Vscreen optimization test

by snout on 23-11-2005, 00:17
Topic: Software
Languages:

Active visitors of the MSX Resource Center already knew that Arturo Ragozini had found a way to enable VDP commands in SCREEN 4. During vblank, a switch to SCREEN 5 is made, enabling VDP commands. He revealed his theory in this forum thread and decided to prove his theory on Vscreen, the impressive smooth scrolling platform game engine.

The result is VTEST, a demo in which the Vscreen engine was modifide to incorporate this trick. Source codes are all included, so that you can have a close look at how it all works. You can use the cursor keys to move around the test map. At the moment, it's not yet clear whether or not these optimizations will also be incorporated in the next VSCREEN release. Further details on the trick used can be found over here.

Relevant link: VTEST

Comments (10)

By ro

Guardian (4122)

ro's picture

23-11-2005, 08:08

and the results are....?!?

By ARTRAG

Enlighted (6276)

ARTRAG's picture

23-11-2005, 20:18

Actually it is too early for a news like this Tongue

Now the only result is that there is a lot of Z80
speare time that could be used for other tasks.
In this demo the time is spent waiting for
the VDP CE flag. In a true situation you can do
other things, like extra I/O to the VRAM, for example.

From my tests you can OUTI more that 256 bytes while
updating a 32x24 screen.

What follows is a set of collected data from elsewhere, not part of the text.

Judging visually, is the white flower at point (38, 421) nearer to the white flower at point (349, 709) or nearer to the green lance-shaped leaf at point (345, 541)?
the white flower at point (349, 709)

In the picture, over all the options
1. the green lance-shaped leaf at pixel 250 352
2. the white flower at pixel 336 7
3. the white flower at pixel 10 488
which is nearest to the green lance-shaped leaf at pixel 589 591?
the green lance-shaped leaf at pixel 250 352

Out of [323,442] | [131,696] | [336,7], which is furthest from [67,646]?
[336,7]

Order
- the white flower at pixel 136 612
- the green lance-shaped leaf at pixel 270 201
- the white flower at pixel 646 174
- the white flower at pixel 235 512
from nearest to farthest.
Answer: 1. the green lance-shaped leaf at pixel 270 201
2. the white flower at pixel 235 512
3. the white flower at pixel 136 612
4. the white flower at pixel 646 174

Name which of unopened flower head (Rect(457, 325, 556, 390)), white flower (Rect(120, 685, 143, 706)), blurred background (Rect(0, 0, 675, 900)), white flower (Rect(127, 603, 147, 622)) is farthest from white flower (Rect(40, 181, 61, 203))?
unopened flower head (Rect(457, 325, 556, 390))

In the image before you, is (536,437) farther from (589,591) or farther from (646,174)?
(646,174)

This could be sufficient for
sprite updating (you could have up to 2 sprite attribute tables
and 64 sprites --using a split screen)

The Vblank time allows the VDP to do many different tasks,
like the animated object you can see. The example moves
a block of 32x4 tiles using TPSET, but larger areas are possible.

A different possible use could be for updating in real time color
and pattern definitions for sprites, but the gain wrt standard
RAM/VRAM copy is only when you use 3 colors per line or more.

By Edwin

Paragon (1182)

Edwin's picture

23-11-2005, 21:09

I tried this method a while back when I was doing my first experiments for the Wings code. But for most cases there's just no point. It's useless for dynamic data. That needs to be stored in VRAM first anyway. You may as well store it in a place that you can change the pointer to. Also, in the VBLANK time you can barely copy more than the screen patterns. So all in all, I think it's only usable in very specific cases with fixed data and the needs to free up cpu time. I'm even having trouble thinking of a good example.

By Maggoo

Paragon (1195)

Maggoo's picture

23-11-2005, 21:28

Well fast scrolling in screen 4 without using CPU time would be a good example Tongue Leave the CPU time available for say... playing CPU hungry OPL4 music and game intelligence...

By Edwin

Paragon (1182)

Edwin's picture

23-11-2005, 21:59

Good example. You could store a large vertical Aleste style level and copy the appropriate part to the screen. Efficiency for horizontal scrolling is much less because of the random access writes needed to draw the new column. Same when there is a lot of dynamic updates like pattern based enemies.

By Maggoo

Paragon (1195)

Maggoo's picture

23-11-2005, 22:08

Give a look at the example made by Artag.It arcually does work for horizontal scrolling as well and pattern basd enemies, using tpset copy. That's the beauty of it !

By ARTRAG

Enlighted (6276)

ARTRAG's picture

23-11-2005, 22:36

@edwin
The demo updates a 32x24 screen less than 8 VDP commands.
You can randomly move the 32x24 window in a logical map of 128x256 tiles.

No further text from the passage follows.